Given it's only used by some of the tests, the internal _maxColourDistance function hasn't been optimised and could probably be improved by a factor of at least 5x with only a small decrease in accuracy.

I'll leave this task open as being possible future external API to see how much support it gathers. Thanks for the original suggestion!

felicks commented 5 years ago

@lovell, @rayshan thanks for this. I want to use the maxColourDistance function, but I'm not able to.
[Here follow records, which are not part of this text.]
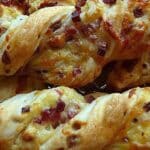 Blätterteig-Schinken-Käse-Stangen Rezept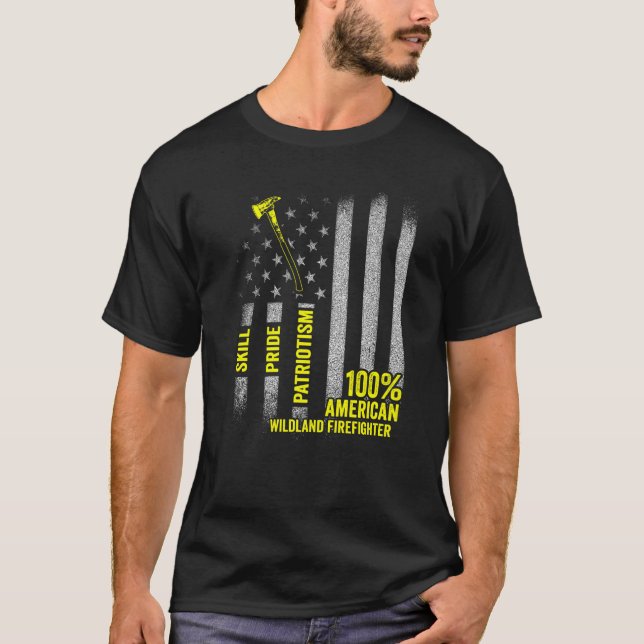 Camiseta Wildland Firefighter Appreciation Firefighting Fir (Anverso)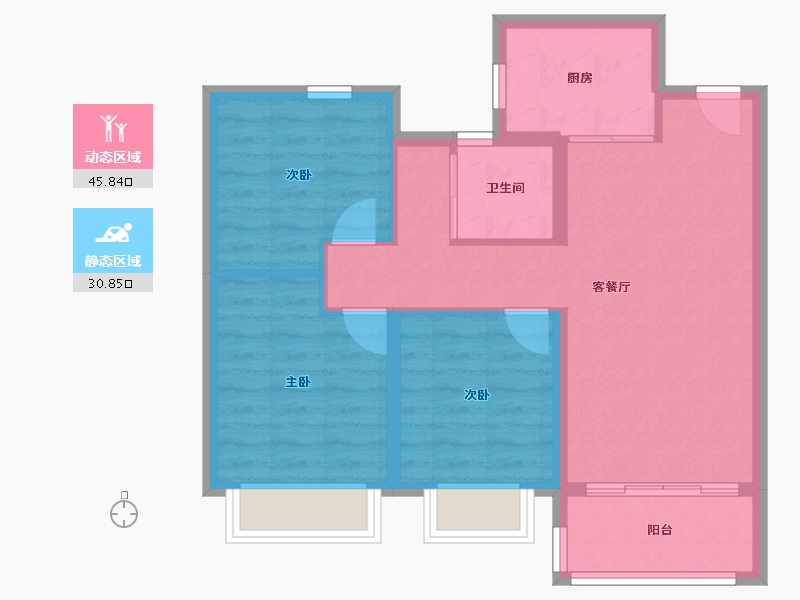 江苏省-南京市-建发和章-68.49-户型库-动静分区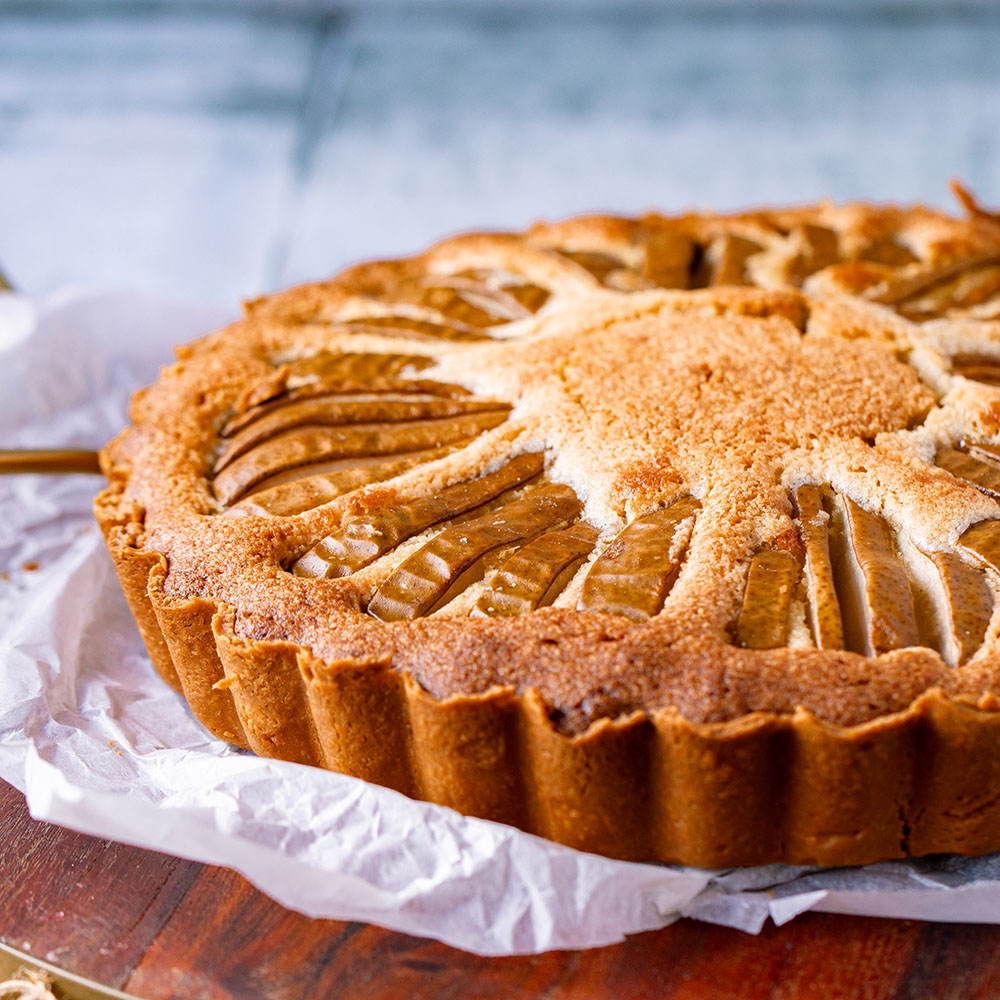 Pear Frangipane Cake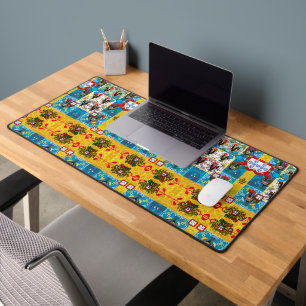 Portuguese designs desk mat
It says maxColourDistance is not defined.

lovell commented 5 years ago

@felicks This discussion relates to a future possible enhancement to make an existing internal, private function part of the external API, which is why the code examples above do not currently work.

jcupitt commented 4 years ago

This is usually done with Spatial CIELAB:

http://scarlet.stanford.edu/~brian/scielab/scielab.html

The basic idea is simple: blur before calculating CIELAB, so there's a spatial component too.

In pyvips it would be something like:

def scielab(a, b):
    return a.gaussblur(2).dE76(b.gaussblur(2))

So you'd just test for scielab(a, grey).max() < 10.

libvips is missing an operator to calculate dE76 for (image, constant) -- that would be a useful addition for something like this.